Short descriptive text snippets:
▶
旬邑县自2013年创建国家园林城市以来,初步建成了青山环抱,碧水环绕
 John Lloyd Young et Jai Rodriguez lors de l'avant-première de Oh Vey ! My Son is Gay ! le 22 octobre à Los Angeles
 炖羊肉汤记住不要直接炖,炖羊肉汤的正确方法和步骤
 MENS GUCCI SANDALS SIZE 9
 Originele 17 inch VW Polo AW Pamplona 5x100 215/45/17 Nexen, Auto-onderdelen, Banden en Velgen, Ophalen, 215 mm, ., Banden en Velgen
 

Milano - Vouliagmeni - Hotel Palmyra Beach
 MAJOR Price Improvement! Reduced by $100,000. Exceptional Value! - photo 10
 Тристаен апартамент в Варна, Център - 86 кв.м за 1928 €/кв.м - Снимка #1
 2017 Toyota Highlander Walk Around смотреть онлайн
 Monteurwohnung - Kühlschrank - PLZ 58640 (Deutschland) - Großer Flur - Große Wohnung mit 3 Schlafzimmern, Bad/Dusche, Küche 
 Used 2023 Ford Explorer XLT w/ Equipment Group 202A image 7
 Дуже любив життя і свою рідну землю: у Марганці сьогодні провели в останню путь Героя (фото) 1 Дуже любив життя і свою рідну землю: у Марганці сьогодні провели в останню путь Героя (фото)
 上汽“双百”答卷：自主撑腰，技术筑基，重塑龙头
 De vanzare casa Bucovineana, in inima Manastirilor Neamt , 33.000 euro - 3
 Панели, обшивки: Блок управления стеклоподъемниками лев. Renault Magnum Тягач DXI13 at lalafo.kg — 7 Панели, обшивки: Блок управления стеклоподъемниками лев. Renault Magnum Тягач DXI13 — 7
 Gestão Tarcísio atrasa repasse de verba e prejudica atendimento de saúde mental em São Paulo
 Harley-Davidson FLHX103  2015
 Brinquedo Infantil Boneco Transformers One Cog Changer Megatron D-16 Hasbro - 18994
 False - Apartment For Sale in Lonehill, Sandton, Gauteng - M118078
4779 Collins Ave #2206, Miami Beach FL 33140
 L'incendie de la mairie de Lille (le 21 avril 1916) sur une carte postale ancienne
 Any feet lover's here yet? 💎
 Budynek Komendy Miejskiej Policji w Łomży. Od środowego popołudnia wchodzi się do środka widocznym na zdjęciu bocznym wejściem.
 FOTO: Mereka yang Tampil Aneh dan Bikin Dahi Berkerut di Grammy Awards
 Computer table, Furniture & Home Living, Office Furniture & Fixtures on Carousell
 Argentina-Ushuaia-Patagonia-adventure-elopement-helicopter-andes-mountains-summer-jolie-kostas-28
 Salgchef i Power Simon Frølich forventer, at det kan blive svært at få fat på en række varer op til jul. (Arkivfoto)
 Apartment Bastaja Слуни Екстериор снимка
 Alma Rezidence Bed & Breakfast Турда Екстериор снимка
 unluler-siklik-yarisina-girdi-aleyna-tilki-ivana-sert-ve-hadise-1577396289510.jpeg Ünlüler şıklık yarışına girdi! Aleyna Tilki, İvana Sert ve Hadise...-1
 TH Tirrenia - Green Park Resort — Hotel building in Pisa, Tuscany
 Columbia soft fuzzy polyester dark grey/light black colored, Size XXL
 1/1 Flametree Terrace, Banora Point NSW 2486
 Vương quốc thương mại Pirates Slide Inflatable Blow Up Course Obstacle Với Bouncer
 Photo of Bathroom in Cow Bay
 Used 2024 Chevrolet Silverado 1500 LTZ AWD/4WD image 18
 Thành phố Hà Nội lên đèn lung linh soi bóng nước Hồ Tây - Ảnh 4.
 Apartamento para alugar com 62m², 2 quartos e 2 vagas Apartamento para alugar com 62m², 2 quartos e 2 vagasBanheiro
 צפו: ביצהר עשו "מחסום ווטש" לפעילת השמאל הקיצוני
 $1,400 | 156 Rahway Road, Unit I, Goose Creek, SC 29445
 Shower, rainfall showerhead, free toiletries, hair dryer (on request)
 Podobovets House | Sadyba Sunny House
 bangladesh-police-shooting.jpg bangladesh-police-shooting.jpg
◀
> [Task statement]: Answer with a number only: how many lines above include the word "Apartment"?

> [Solution to this problem]: 2